Task prompt
For the data that follows, print the line with "3 - 1 Epinal", the line with "Ben Folds Five/ベン・フォールズ・ファイヴ★CD/輸入盤", and all lines between them, exactly as they stand. Omit pictures and add nothing.

Data for processing
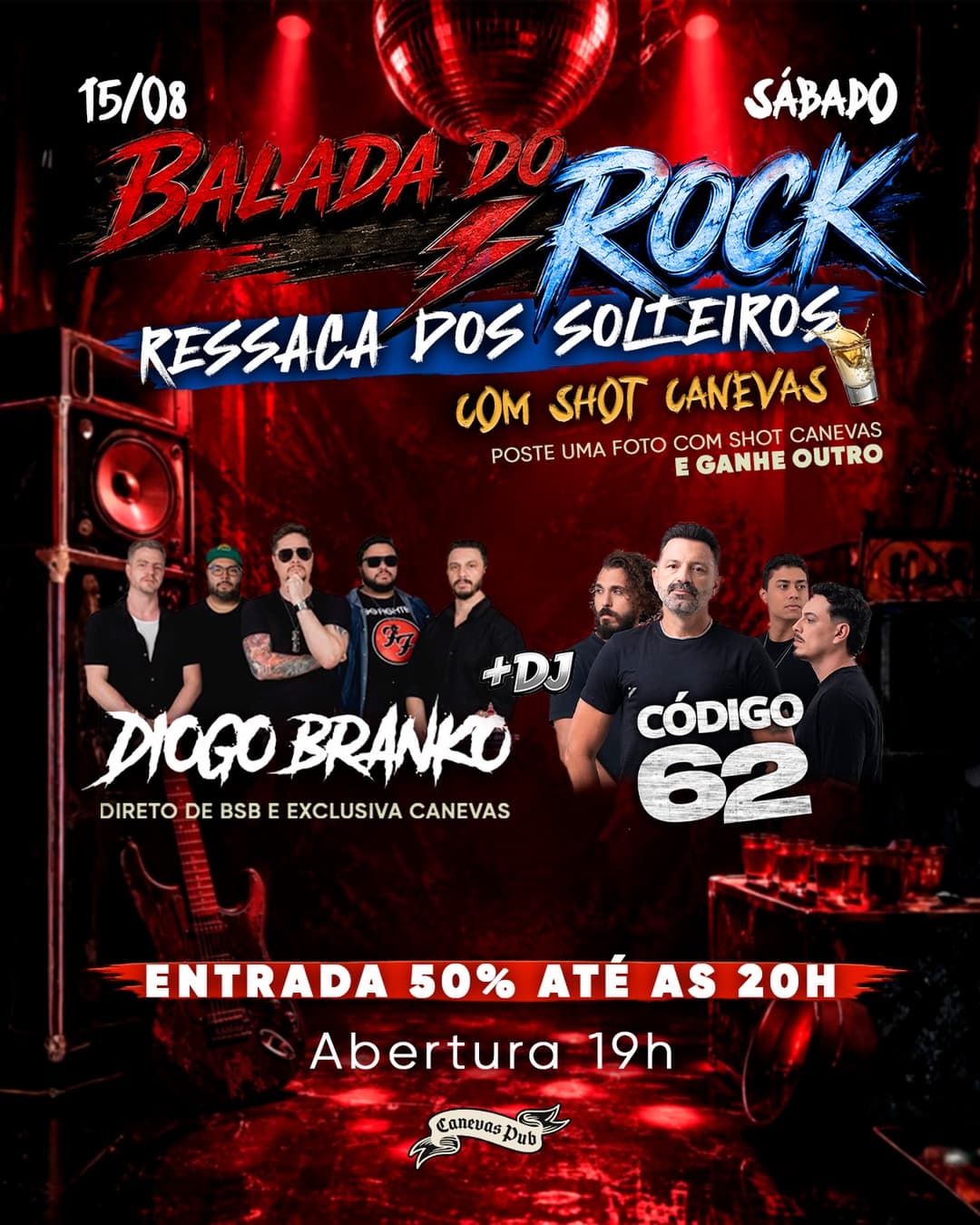 Flyer de Código 62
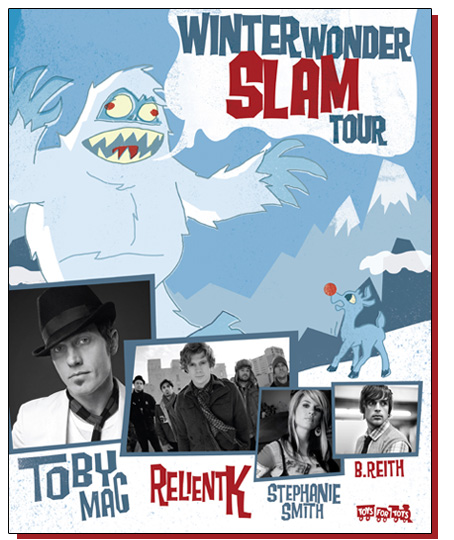 Winter Wonder Slam Tour Kicks Off With Toby Mac & Relient K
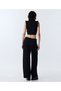 ELASTİK BEL WIDE LEG PANTOLON - 5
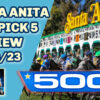The Magic Mike Show 500: Santa Anita Saturday Late Pick 5 Preview | Awesome Again Day Picks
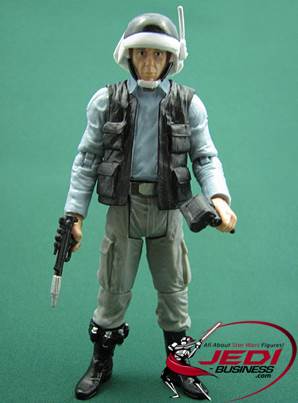 Rebel Fleet Trooper - Hasbro (Star Wars: Episode IV - A New Hope) action figure collectible [Barcode 076281696966] - Main Image 2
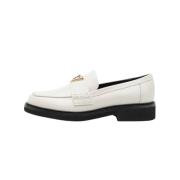 Guess Stiliga Moccasins för Män och Kvinnor White, Dam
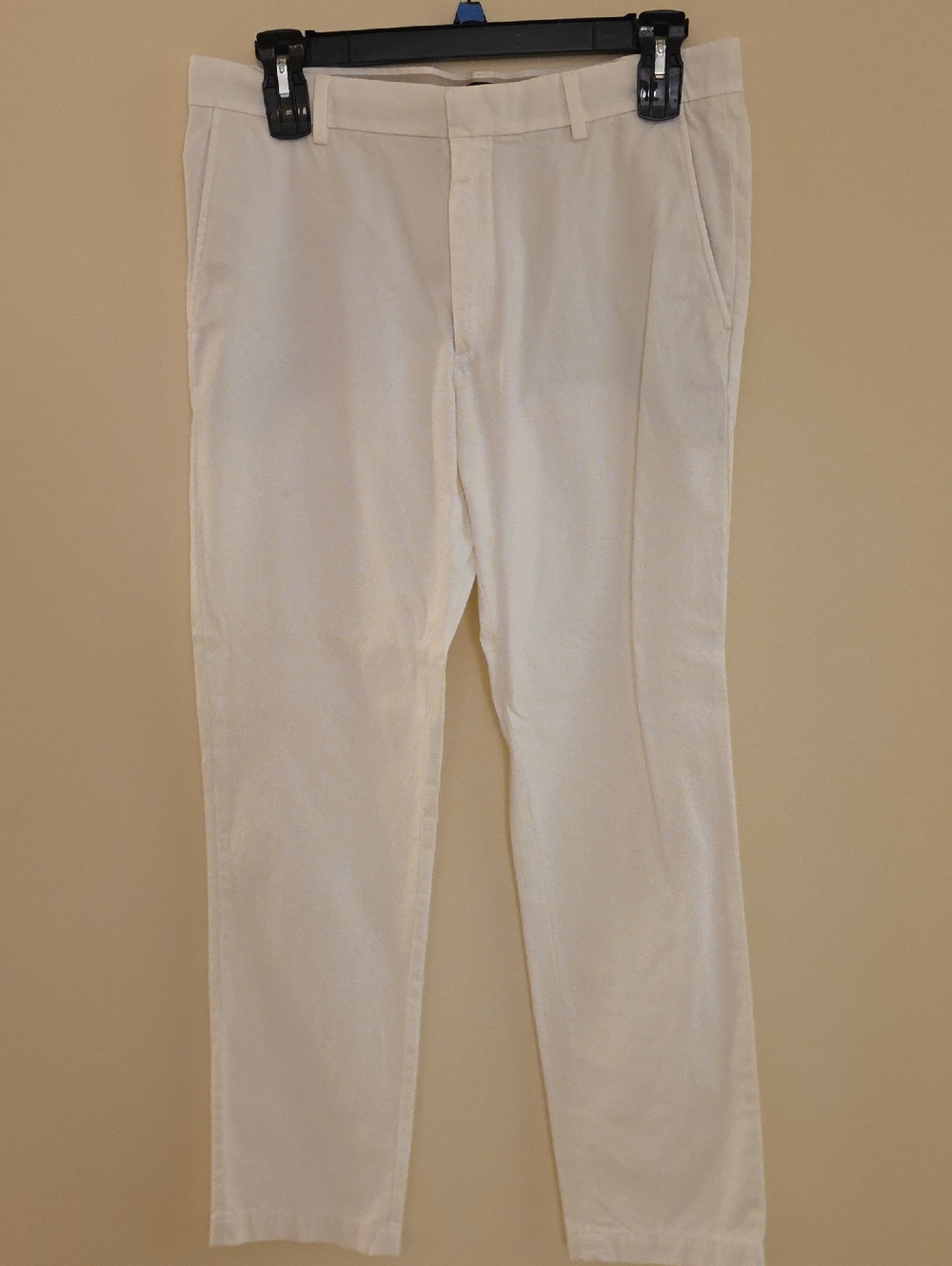 Banana Republic Men's Cream Chinos - Straight Leg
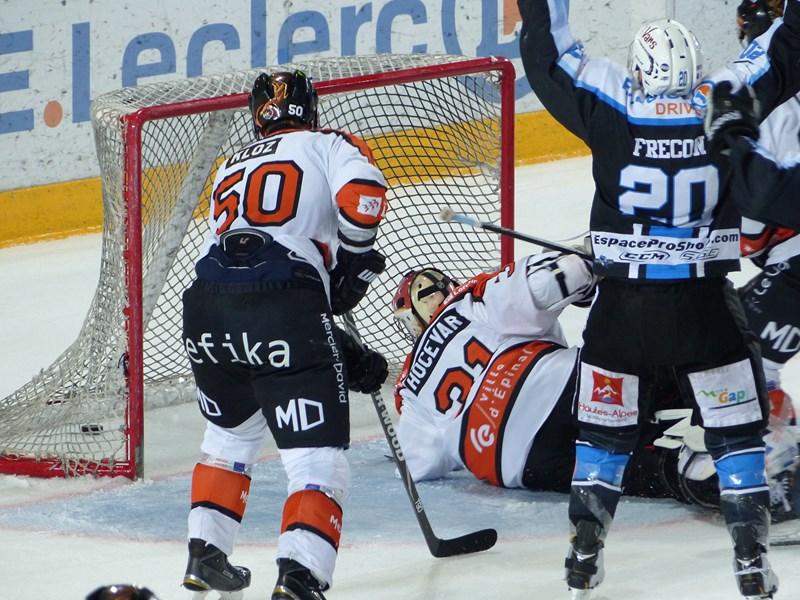 Gap  3 - 1 Epinal 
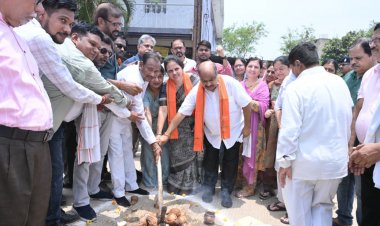 कविता नगर और गीतांजलि नगर की बारिश में जलभराव की पुरानी समस्या दूर करने बाढ आपदा राहत मद से लगभग 1 करोड 70 लाख रू. की लागत से लगभग 605 मीटर क्षेत्र में शीघ्र नया चौड़ा नाला और 3 पुलिया का निर्माण कराया जायेगा
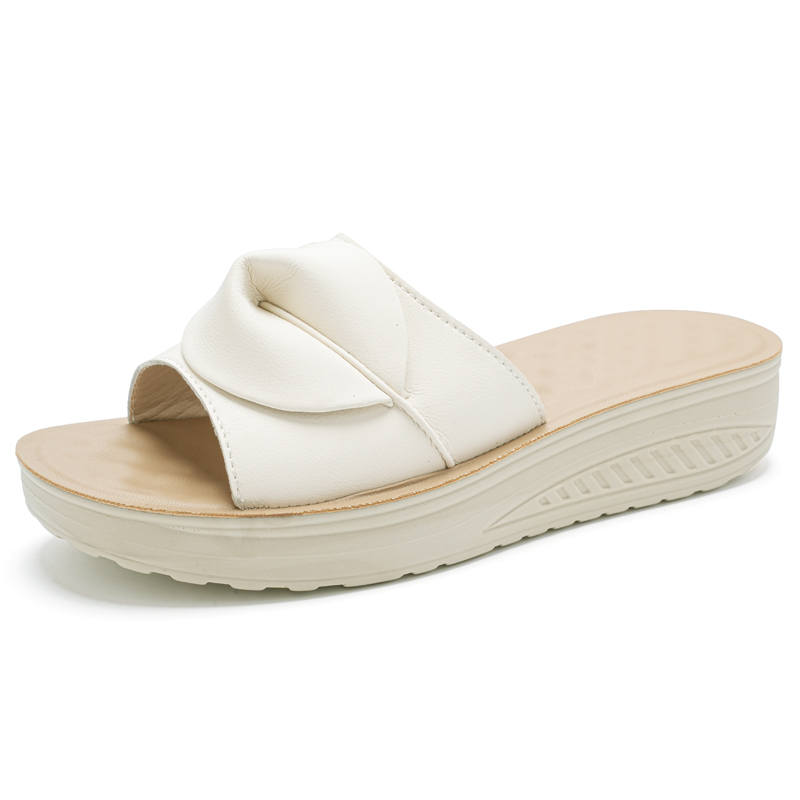 Reivantix Reivanti Slide Slippers Women's Beige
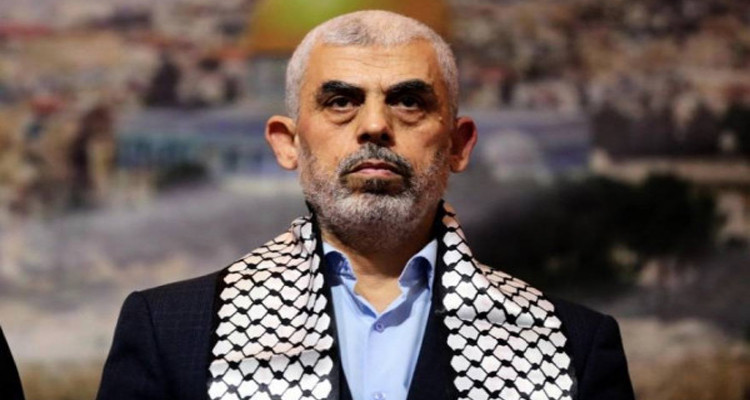 الاحتلال الإسرائيلي  يقصف منزل يحيى السنوار قائد حركة حماس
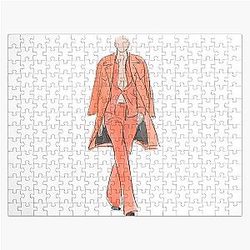 Gigi Hadid outfit Jigsaw Puzzle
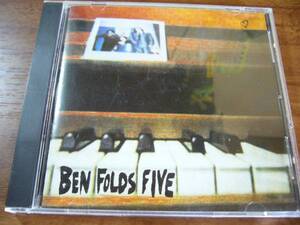 Ben Folds Five/ベン・フォールズ・ファイヴ★CD/輸入盤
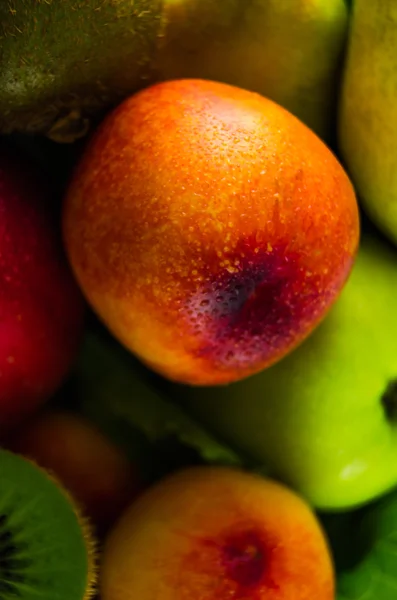 Fruits on a white background — Stock Photo, Image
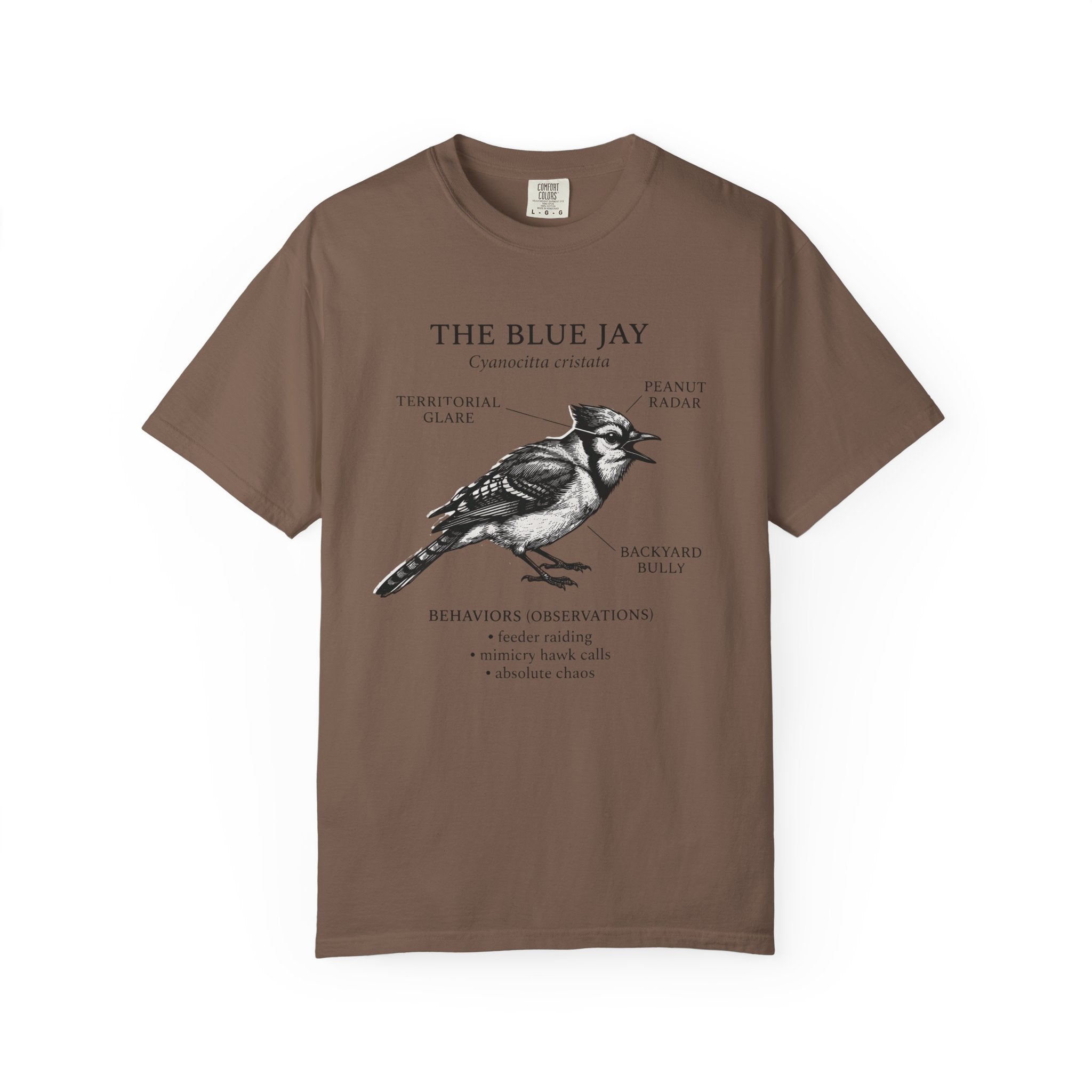 BLUE JAY T-SHIRT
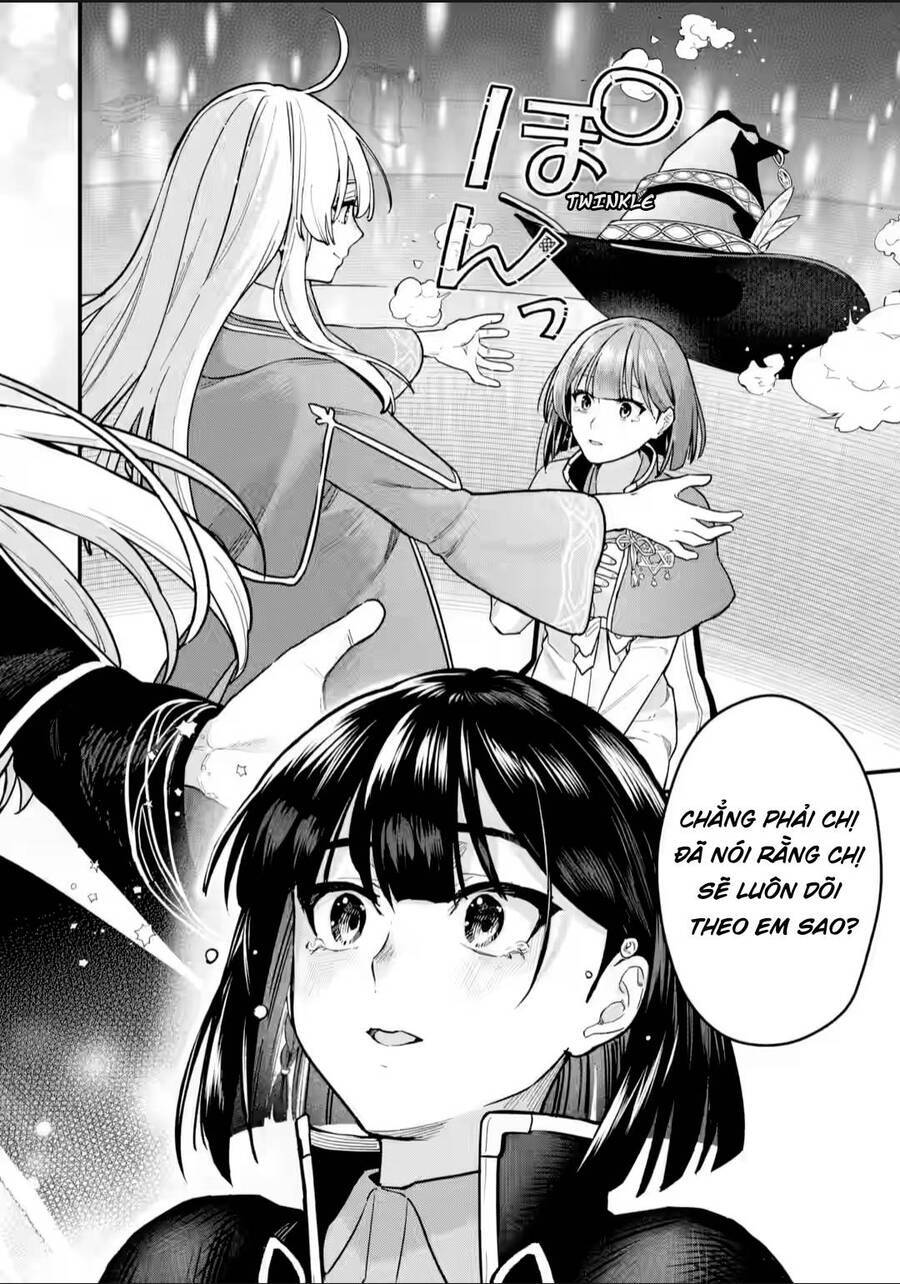 Majo No Tabitabi Chương 31.2 Ảnh 17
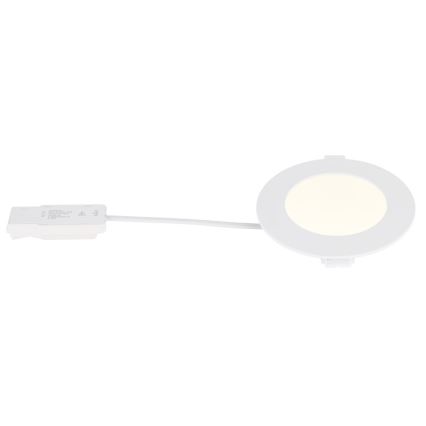 Globo - LED Oprawa wpuszczana LED/6W/230V 4000K śr. 12,8 cm
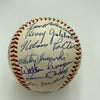 1944 St. Louis Cardinals World Series Champs Team Signed Baseball Beckett COA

Response for this exercise
 Gap  3 - 1 Epinal 
 कविता नगर और गीतांजलि नगर की बारिश में जलभराव की पुरानी समस्या दूर करने बाढ आपदा राहत मद से लगभग 1 करोड 70 लाख रू. की लागत से लगभग 605 मीटर क्षेत्र में शीघ्र नया चौड़ा नाला और 3 पुलिया का निर्माण कराया जायेगा
 Reivantix Reivanti Slide Slippers Women's Beige
 الاحتلال الإسرائيلي  يقصف منزل يحيى السنوار قائد حركة حماس
 Gigi Hadid outfit Jigsaw Puzzle
 Ben Folds Five/ベン・フォールズ・ファイヴ★CD/輸入盤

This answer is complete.